Source material »
◆ ◆ ◆ ◆ ◆

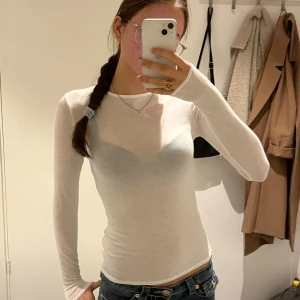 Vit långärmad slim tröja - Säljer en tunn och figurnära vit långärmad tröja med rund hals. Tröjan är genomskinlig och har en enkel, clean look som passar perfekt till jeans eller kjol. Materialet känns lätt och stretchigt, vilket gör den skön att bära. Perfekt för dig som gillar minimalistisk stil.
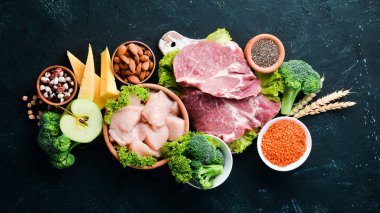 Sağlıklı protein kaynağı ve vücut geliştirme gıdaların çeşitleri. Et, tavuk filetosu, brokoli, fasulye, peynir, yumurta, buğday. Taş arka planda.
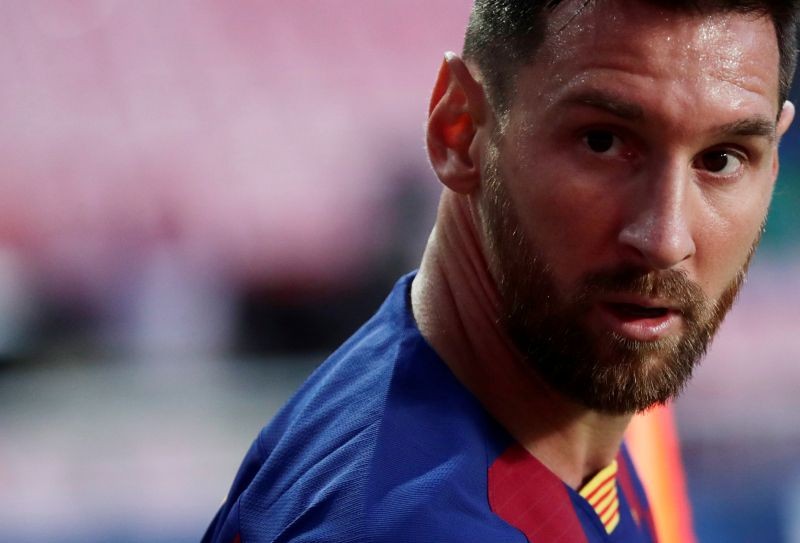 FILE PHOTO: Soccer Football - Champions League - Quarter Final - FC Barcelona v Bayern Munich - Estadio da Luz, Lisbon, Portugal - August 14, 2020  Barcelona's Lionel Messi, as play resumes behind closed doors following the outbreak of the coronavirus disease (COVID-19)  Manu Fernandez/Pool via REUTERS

◆ ◆ ◆ ◆ ◆

Repeat, line for line and exactly, the material from its first line through the line that contains "Sağlıklı protein kaynağı", both ends included; no pictures belong in the copy.

 Vit långärmad slim tröja - Säljer en tunn och figurnära vit långärmad tröja med rund hals. Tröjan är genomskinlig och har en enkel, clean look som passar perfekt till jeans eller kjol. Materialet känns lätt och stretchigt, vilket gör den skön att bära. Perfekt för dig som gillar minimalistisk stil.
 Sağlıklı protein kaynağı ve vücut geliştirme gıdaların çeşitleri. Et, tavuk filetosu, brokoli, fasulye, peynir, yumurta, buğday. Taş arka planda.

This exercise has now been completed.